Nuclear Regulatory Commission.

ACTION:

Supplemental petition for rulemaking; notice of receipt.

SUMMARY:

The Nuclear Regulatory Commission (NRC) has received and requests public comment on a supplement to his original petition for rulemaking (PRM-50-73) filed with the Commission by Robert H. Leyse. The supplemental petition was docketed by the Commission and has been assigned Docket No.
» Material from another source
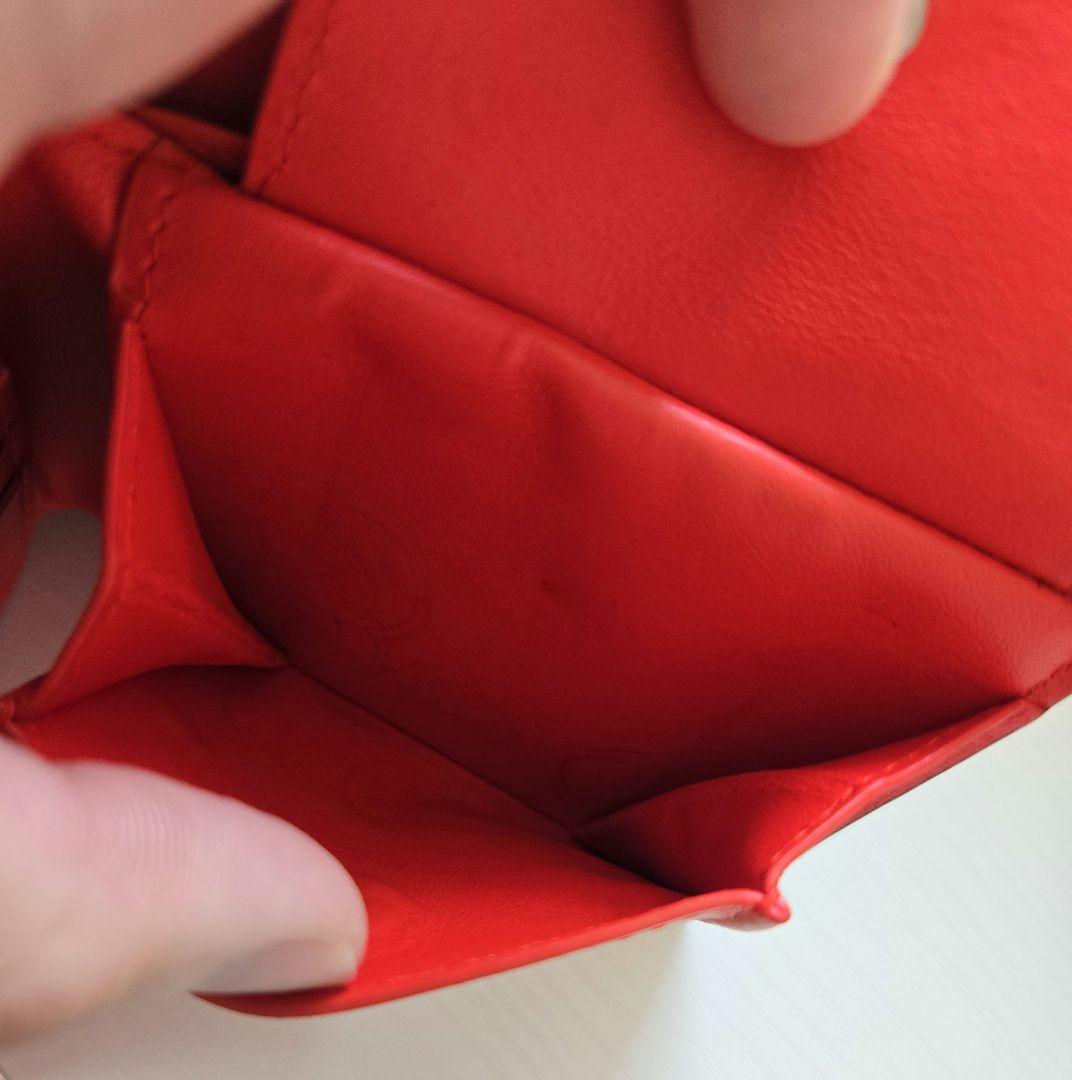 ボッテガヴェネタ　二つ折り財布　レッド　ブラック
PRM-50-73A. The petitioner requests, in this supplement to his earlier petition, that the NRC amend its regulations on the acceptance criteria for emergency core cooling systems for light-water nuclear power reactors to address the impact of severe crud deposits on fuel bundle coolability during normal operation of a light-water-reactor (LWR).

DATES:

Submit comments by April 15, 2002. Comments received after this date will be considered if it is practical to do so, but the Commission is able to assure consideration only for comments received on or before this date.

ADDRESSES:

Submit written comments to the Secretary of the Commission, U.S. Nuclear Regulatory Commission, Washington, DC 20555-0001, Attention: Rulemakings and Adjudications Staff. Deliver comments to: 11555 Rockville Pike, Rockville, Maryland, between 7:30 a.m. and 4:15 p.m. Federal workdays.

For a copy of the petition, write to Michael T. Lesar, Chief, Rules and Directives Branch, Division of Administrative Services, Office of Administration, U.S. Nuclear Regulatory Commission, Washington, DC 20555-0001.
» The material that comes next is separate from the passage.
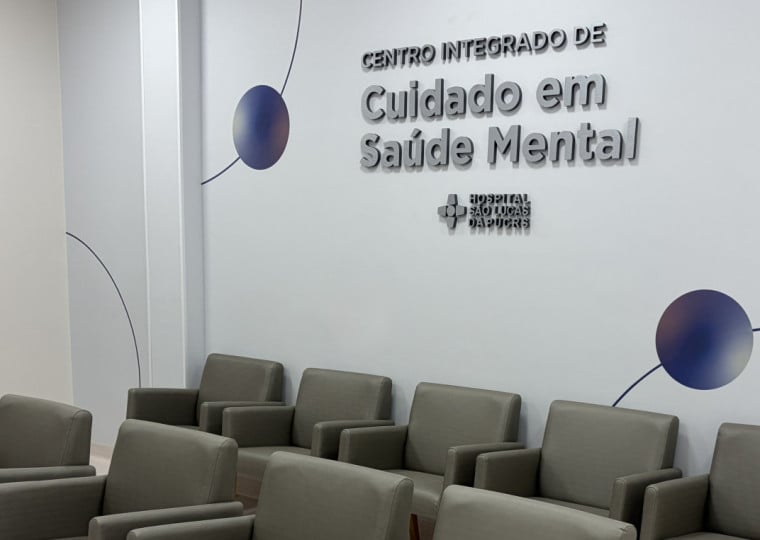 Novo serviço reúne hospital-dia, atendimento multiprofissional intensivo e tecnologias avançadas para acompanhamento de transtornos mentais graves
You may also provide comments via the NRC's interactive rulemaking Web site at http://ruleforum.llnl.gov. This site provides the capability to upload comments as files (any format), if your web browser supports that function. For information about the interactive rulemaking Web site, contact Ms. Carol Gallagher, 301-415-5905 (e-mail: cag@nrc.gov).

The petition and copies of comments received may be inspected and copied for a fee at the NRC Public Document Room, 11555 Rockville Pike, Public File Area O1F21, Rockville, Maryland. Copies of comments received are also available through the NRC's Agencywide Documents Access and Management System (ADAMS), which provides text and image files of NRC's public documents. These documents may be accessed through the NRC's Public Electronic Reading Room on the Internet at http://www.nrc.gov/​NRC/​ADAMS/​index.html. If you do not have access to ADAMS or if there are problems in accessing the documents located in ADAMS contact the NRC Public Document Room (PDR) Reference staff at 1-800-397-4209, 301-415-4737or by e-mail to pdr@nrc.gov.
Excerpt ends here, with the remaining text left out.